Sono lontani i tempi in cui, grazie anche ad un film come Quadrophenia assistemmo ad un rifiorire di band e di situazioni moderniste che mutuarono il loro stile tra r’n’b e urgenza sonora dei sixties con la rabbia del punk e la coolness dello ska. Qualche piccolo seme di quella breve stagione è rimasto ancora oggi, e tra chi se ne è uscito di scena, o si è evoluto pur rimanendo di base fedele alla chiesa, come Paul Weller, o chi si è ritrovato tra vecchi amici per suonare ancora insieme, come The Secret Affair, il verbo Mod ogni tanto riesce nuovamente a far breccia.
The Spitfires sono al terzo album, non poco per un genere che gira solo o quasi tra i fans, e poco ma sicuro con “Year Zero” hanno realizzato il loro album più maturo.
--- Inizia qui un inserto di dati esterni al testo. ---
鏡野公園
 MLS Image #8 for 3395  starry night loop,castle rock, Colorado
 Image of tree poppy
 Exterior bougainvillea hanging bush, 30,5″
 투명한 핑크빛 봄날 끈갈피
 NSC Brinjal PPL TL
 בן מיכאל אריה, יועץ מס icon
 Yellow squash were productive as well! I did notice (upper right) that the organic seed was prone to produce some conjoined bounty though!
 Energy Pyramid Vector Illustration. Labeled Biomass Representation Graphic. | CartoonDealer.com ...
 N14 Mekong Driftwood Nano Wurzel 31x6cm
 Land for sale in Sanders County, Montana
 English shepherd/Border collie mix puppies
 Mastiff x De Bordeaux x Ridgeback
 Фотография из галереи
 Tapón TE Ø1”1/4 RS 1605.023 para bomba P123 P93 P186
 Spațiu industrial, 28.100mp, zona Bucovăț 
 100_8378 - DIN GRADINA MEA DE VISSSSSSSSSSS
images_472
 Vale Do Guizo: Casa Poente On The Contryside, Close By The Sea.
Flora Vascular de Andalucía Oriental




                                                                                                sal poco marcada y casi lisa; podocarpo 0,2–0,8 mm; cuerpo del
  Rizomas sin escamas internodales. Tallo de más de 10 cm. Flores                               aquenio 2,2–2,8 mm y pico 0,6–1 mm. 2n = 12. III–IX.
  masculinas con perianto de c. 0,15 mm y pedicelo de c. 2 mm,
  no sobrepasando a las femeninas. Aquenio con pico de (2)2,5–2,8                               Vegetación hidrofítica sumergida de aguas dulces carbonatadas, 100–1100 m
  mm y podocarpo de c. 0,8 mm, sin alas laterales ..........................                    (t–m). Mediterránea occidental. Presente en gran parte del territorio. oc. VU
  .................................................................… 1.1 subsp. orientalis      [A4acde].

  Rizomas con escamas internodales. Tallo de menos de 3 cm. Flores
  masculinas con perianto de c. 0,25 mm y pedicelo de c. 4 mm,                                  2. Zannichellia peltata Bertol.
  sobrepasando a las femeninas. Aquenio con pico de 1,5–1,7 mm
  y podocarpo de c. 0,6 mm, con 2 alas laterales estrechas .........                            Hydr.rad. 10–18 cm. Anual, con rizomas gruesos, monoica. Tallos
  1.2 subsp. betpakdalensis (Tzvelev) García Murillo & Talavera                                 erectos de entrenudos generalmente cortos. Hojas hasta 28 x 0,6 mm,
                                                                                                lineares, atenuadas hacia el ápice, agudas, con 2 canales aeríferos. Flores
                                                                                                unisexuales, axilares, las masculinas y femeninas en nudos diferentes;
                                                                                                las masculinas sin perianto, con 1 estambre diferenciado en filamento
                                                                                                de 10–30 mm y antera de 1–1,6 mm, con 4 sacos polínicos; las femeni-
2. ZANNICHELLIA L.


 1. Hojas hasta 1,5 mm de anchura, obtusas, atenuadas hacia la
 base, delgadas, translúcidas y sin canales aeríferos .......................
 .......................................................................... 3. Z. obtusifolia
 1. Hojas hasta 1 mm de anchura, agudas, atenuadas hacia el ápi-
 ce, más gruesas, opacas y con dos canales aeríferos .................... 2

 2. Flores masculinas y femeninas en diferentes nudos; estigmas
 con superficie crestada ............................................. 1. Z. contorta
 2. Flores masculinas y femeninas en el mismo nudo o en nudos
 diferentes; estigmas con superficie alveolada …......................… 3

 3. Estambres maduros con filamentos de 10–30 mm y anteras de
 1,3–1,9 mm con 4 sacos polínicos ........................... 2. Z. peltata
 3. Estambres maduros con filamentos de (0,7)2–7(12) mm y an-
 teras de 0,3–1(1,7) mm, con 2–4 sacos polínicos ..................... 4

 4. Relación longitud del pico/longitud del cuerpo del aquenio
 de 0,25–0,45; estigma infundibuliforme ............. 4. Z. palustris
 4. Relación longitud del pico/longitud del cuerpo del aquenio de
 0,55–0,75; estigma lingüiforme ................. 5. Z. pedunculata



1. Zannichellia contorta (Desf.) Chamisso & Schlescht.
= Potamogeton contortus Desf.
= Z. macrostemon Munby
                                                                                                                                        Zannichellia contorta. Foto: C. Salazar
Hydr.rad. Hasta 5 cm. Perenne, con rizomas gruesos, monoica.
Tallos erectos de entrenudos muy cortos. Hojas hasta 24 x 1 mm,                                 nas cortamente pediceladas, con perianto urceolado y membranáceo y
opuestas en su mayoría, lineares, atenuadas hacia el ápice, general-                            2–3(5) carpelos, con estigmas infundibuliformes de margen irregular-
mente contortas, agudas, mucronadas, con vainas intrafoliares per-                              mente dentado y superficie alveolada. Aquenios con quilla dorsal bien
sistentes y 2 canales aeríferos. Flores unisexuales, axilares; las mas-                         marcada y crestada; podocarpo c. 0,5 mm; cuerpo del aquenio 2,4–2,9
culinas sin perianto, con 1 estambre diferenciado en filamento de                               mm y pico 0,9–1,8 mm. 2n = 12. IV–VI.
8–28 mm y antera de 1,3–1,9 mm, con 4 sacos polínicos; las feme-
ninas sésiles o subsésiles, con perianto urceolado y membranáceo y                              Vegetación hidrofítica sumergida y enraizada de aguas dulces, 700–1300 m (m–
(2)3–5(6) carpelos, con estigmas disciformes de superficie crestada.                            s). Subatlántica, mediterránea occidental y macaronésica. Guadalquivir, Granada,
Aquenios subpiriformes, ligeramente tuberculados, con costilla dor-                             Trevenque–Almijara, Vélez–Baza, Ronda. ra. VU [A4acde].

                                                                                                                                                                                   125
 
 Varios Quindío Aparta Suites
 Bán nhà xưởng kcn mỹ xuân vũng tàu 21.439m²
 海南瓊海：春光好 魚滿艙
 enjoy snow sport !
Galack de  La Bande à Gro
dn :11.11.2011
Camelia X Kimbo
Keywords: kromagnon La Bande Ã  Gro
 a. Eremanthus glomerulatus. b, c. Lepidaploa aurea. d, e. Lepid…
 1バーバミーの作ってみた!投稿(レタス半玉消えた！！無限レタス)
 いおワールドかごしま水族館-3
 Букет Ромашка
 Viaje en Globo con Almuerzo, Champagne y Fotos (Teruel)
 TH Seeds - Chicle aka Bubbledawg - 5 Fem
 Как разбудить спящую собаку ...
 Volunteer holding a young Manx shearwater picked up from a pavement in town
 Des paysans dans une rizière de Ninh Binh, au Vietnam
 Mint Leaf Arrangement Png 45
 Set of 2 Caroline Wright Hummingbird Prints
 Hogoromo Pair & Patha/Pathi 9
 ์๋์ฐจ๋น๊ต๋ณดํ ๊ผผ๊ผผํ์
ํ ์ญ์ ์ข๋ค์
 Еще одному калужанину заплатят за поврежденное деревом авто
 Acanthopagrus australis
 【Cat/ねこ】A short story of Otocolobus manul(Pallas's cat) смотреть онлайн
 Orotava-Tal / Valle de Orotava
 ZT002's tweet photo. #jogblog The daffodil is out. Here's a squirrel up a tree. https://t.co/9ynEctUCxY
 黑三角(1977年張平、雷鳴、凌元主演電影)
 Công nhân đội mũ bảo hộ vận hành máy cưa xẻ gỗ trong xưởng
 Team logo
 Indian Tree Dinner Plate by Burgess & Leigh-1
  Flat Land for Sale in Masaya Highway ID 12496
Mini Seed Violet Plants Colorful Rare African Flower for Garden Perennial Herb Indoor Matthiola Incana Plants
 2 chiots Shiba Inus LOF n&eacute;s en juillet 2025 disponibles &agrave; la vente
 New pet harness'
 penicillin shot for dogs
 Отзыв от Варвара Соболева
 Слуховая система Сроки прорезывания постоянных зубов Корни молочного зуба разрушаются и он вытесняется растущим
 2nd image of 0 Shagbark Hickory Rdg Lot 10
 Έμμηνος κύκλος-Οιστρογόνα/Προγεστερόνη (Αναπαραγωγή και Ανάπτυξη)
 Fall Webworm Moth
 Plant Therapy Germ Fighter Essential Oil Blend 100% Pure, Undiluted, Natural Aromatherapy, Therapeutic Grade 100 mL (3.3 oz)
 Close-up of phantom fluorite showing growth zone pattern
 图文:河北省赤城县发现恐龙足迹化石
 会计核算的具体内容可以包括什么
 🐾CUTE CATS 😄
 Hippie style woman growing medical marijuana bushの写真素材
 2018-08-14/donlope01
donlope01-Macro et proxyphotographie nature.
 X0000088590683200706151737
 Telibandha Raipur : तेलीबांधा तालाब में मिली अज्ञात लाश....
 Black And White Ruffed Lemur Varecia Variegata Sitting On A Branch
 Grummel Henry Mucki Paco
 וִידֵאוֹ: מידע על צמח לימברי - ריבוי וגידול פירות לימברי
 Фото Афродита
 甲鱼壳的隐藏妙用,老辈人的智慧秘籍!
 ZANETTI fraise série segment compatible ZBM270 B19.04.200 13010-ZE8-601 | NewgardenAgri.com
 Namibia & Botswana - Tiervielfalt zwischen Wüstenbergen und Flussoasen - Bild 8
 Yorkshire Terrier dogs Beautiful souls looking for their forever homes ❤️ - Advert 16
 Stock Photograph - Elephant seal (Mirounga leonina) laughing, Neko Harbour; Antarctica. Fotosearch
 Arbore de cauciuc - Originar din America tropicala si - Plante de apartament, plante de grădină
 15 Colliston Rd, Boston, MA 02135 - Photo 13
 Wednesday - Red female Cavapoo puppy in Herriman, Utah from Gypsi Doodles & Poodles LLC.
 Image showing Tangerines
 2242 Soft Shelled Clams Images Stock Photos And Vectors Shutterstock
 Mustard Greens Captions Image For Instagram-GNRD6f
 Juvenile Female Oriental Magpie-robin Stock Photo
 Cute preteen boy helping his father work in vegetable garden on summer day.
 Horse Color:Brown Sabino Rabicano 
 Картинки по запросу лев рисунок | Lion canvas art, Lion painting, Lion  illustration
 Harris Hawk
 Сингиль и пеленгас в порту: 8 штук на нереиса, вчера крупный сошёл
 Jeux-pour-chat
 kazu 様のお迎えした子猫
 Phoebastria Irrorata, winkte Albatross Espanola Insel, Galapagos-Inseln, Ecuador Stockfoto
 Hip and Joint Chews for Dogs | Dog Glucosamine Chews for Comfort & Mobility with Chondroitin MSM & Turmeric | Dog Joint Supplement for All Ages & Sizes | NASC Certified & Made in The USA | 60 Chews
Sì, qualcuno potrà dirmi che il cantante canta come il Weller degli esordi e che insomma aleggia tutto intorno un’aria alla The Jam, ma non saranno certo i primi e neppure gli ultimi a suonare derivativi, dal momento che un buon ottanta per cento della produzione odierna suona così e visto che ancora c’è qualcuno che si ostina a chiamare capolavori dischi ricicciati di artisti cotti e bolliti.
“Year Zero” vede un deciso cambio di direzione rispetto ai due album m precedenti; se negli altri la band flirtava con le sonorità indie, qui entrano in campo le suggestioni giamaicane in forma di ska e dub a chiudere il cerchio con quello che girava intorno nel Regno Unito in quei giorni di fine anni Settanta.
Canzoni asciutte e urgenti, come possiamo ascoltare nello ska dell’iniziale “Remains The Same” o nella bellissima “Something Worth Fighting For” ibridata dal dub e con un testo che ti sprona a non vivere di speranze.
L’r’n’b fa capolino in “Over and Over Again”, canzone dalle suggestioni soul, il sound à la The Jam è sublimato nella incalzante “Front Line”, e qui davvero sembra di essere tornati indietro di quarant’anni, mentre le note di un piano ci consegnano in “By My Side” una ballad malinconica a due voci, dove Emily Capell fa da contraltare alla voce intensa di Billy Sullivan. Ancora il dub a farla da padrone in “Move On” mentre echi di r’n’b ci regalano i fiati in “Sick of Hanging Around”, bel brano che trova nel power-pop la sua ragione d’essere. Lo stesso che ascoltiamo in “The New Age” pezzo questa volta depurato da trombe e sax, che ha un piccolo intermezzo rock steady nel bel mezzo del brano.
Le sirene della polizia fanno da sottofondo alla title-track, pezzo dub strumentale che rimanda ai Clash più neri, preludio alla conclusiva “Dreamland” introdotta dalle note di un organo che prosegue con andamento reggae-dub, sigillo ad un album pieno di sorprese e di una varietà di stili come soltanto i veri mods riescono a fare.
Vi diranno che manca di originalità ma non date retta, quel che conta qui è l’attitudine, il mood urbano che si respira nei suoi solchi, canzoni che ci raccontano la vita di tutti i giorni di ognuno di noi, ma affrontata con stile.